### [THE PROBLEM]
Repeat the listing below line by line, exactly, leaving its pictures behind.

### [STORED DATA]
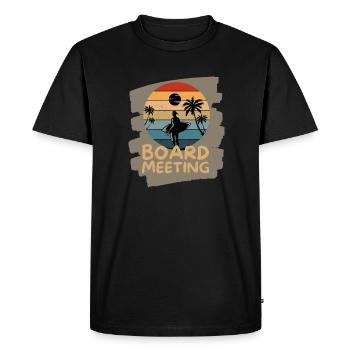 Surfing Board Meeting - Men's Premium Organic T-Shirt - black - Front - Nico (187cm)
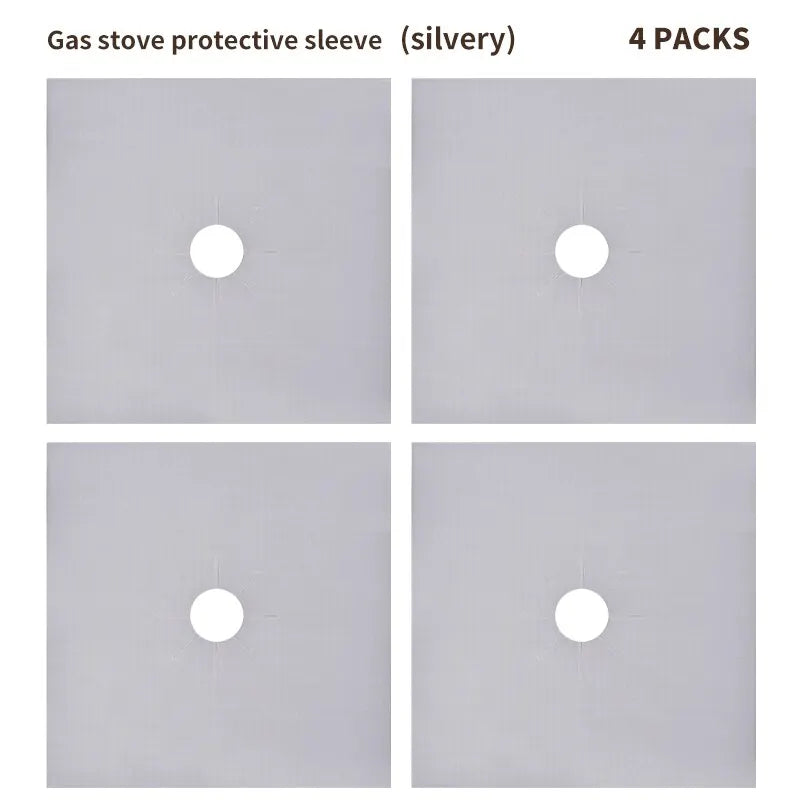 Thickened 27cm Kitchen Gas Stove Protection Pad High Temperature Resistant Grease Cleaning Gadgets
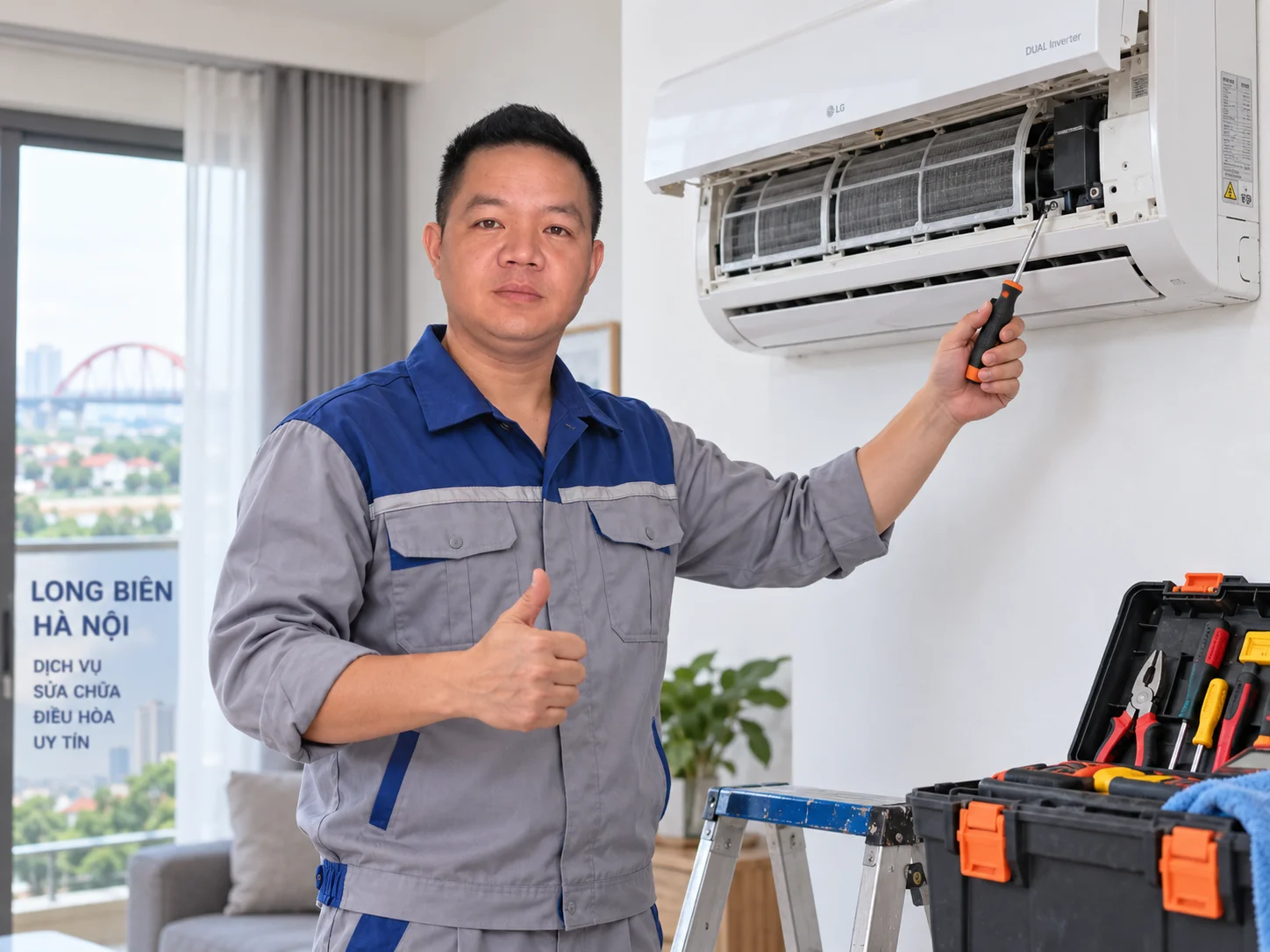 Sửa Chữa Điều Hòa Tại Long Biên Uy Tín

### [SOLUTION FOR THIS TASK]
 Surfing Board Meeting - Men's Premium Organic T-Shirt - black - Front - Nico (187cm)
 Thickened 27cm Kitchen Gas Stove Protection Pad High Temperature Resistant Grease Cleaning Gadgets
 Sửa Chữa Điều Hòa Tại Long Biên Uy Tín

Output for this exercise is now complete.